Peut-être ne vous en souvenez-vous pas mais, depuis 1981 le groupe communiste n’a jamais voté le budget de la sécurité sociale, car certains refusaient de faire participer le capital. Nous avons même voté une fois contre un budget présenté par la gauche, car nous avons un désaccord de fond sur ce point.
Quand il faut s’attaquer aux revenus du capital, ça va mieux en le disant.
Dans la réalité, il faut y aller, il faut l’affronter. Aujourd’hui, c’est le même problème : vous faites le choix d’aggraver la situation. Ainsi que l’avait proposé le Conseil d’orientation des retraites, dont je suis membre, la création d’emplois et la suppression des exonérations de charges sociales alliées à une augmentation progressive du montant des cotisations permettraient de préserver notre système actuel. Une telle augmentation, dont la plus grande part devrait évidemment provenir des cotisations patronales, est parfaitement envisageable. En effet, les revenus du capital n’ont cessé de croître au cours des dernières années. Et la crise du libéralisme n’a fait qu’interrompre provisoirement ce mouvement, comme en attestent les bénéfices record réalisés par les entreprises du CAC 40 au cours du premier semestre 2010. Je peux vous montrer ces belles pages de journaux qui indiquent que les entreprises ont fait un bond extraordinaire. Un article fait état de 4 milliards de devises qui se baladent. Et c’est ce monde-là que vous voulez !

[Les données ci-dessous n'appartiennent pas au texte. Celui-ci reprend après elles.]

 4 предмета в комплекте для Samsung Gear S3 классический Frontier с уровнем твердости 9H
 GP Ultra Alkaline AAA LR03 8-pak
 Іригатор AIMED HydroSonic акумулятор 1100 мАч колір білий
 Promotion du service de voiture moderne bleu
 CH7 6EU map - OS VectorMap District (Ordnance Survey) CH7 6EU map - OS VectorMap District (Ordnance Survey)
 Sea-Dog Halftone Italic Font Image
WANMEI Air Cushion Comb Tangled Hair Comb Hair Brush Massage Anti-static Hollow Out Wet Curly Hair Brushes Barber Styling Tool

Oui, il faut avoir le courage d’attaquer les revenus du capital qui sont tellement importants. Nous proposons donc un âge légal de départ à la retraite à soixante ans, 40 annuités de cotisations et non 41,5 annuités, puis 42,5, voire 43,5. Si on ne bouge pas l’âge légal mais qu’on augmente les annuités de cotisations, plus personne en France ne pourra prendre sa retraite.

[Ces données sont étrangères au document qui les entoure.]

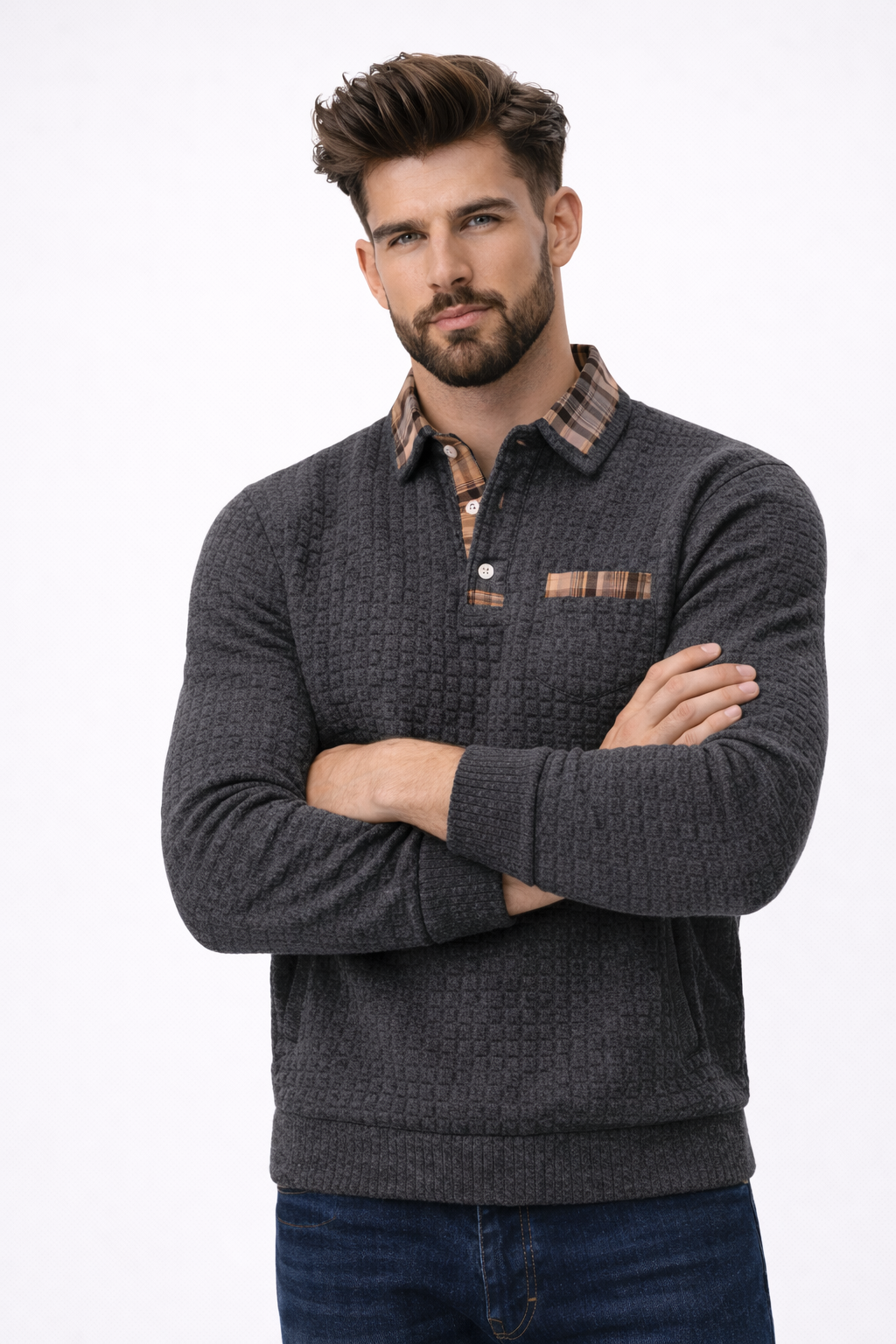 Polo Homme Coton Décontracté pour l'Été - Respirant & Confortable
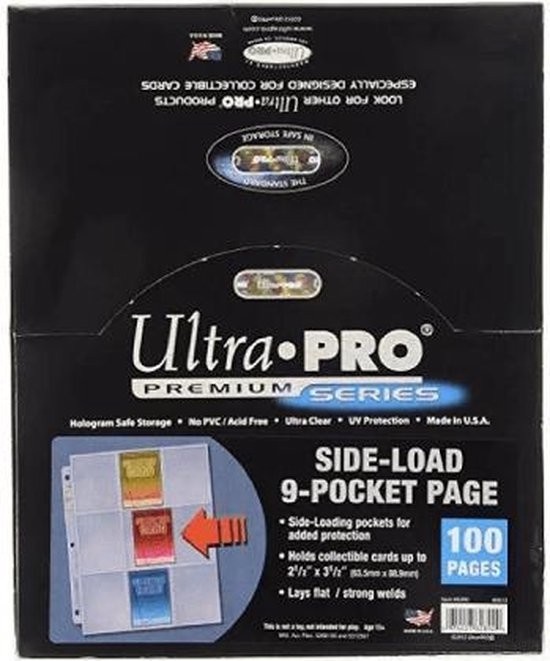 Kartenschutzhüllen: 9er-Hüllen - seitlicher EInschub (100 Se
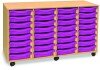 Monarch 32 Shallow Tray Unit - Purple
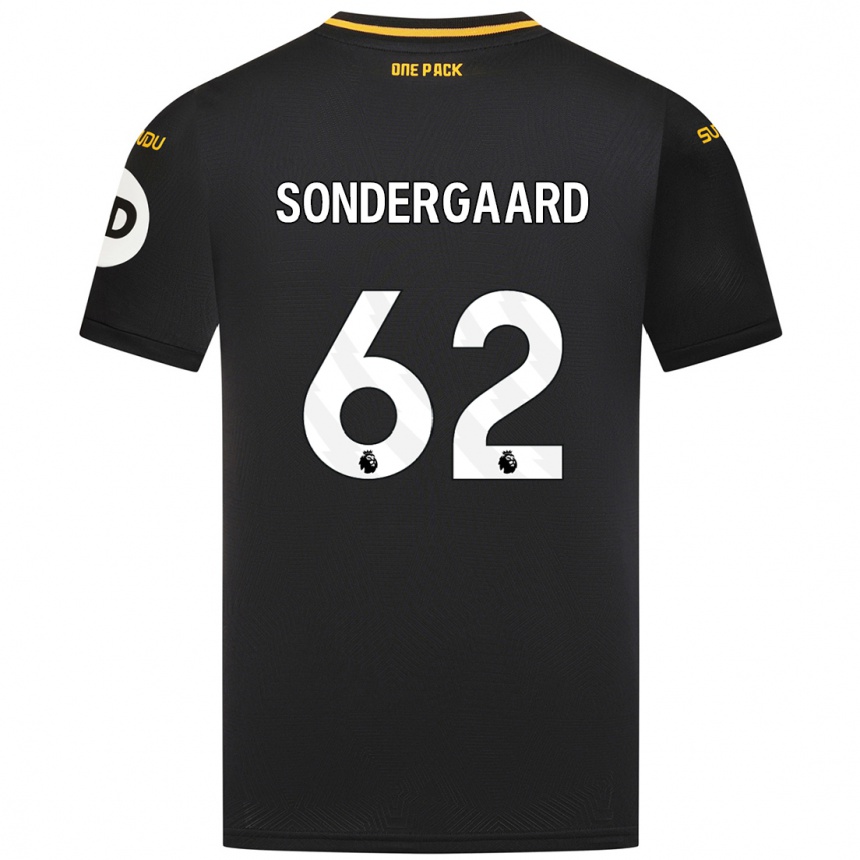 Kids Football Andreas Sondergaard #62 Black Away Jersey 2024/25 T-Shirt Uk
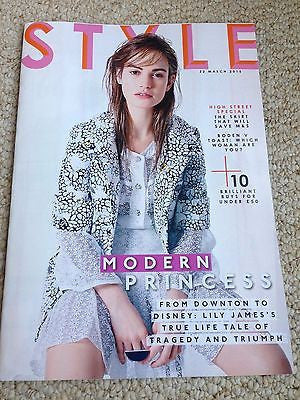 Cinderella LILY JAMES PHOTO INTERVIEW STYLE MAGAZINE MARCH 22 2015 BRAND NEW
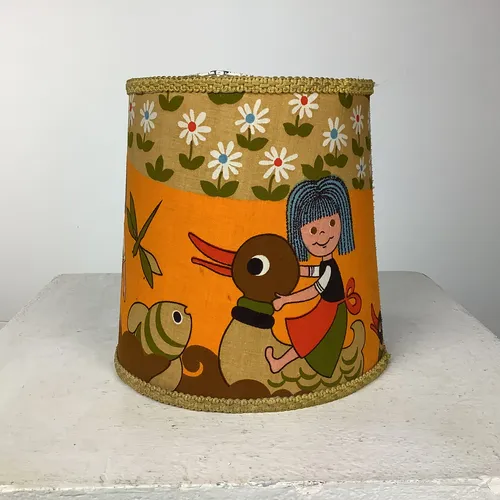 Girl and duck lampshade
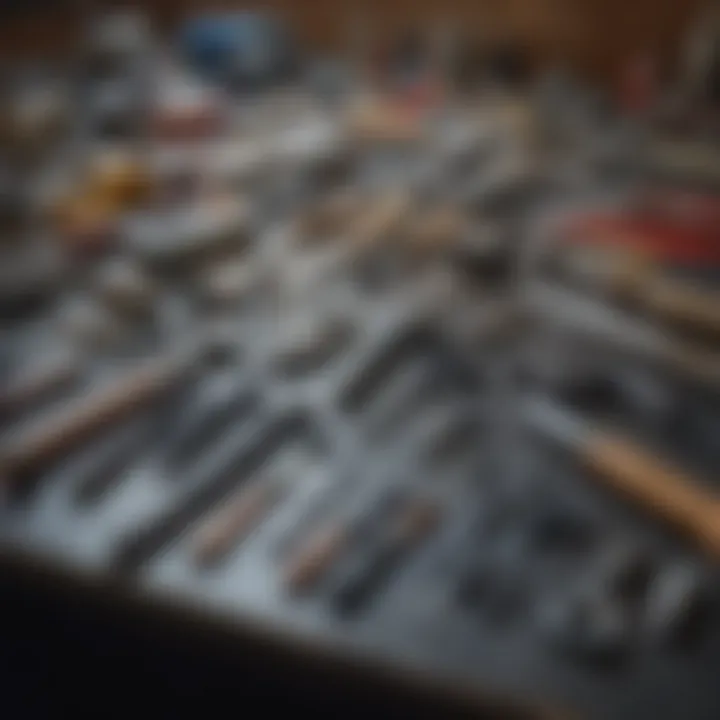 Skilled tradesperson showcasing tools and equipment in a workshop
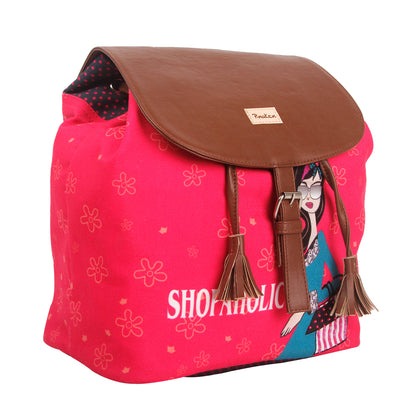 Shopaholic Drawstring Bag Pack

Monsieur le ministre, après vous avoir informé de la plainte que je vais déposer, je vous indique qu’on va continuer à se battre ; 2,5 millions de personnes sont descendues dans la rue hier, 3 millions selon certains, mais ce n’est qu’un début. Croyez-moi, vous allez vous retrouver face à des exigences très fortes, y compris dans cet hémicycle puisque nous avons déposé des amendements, dont celui qui prévoit 40 annuités de cotisations. (Applaudissements sur les bancs du groupe GDR.)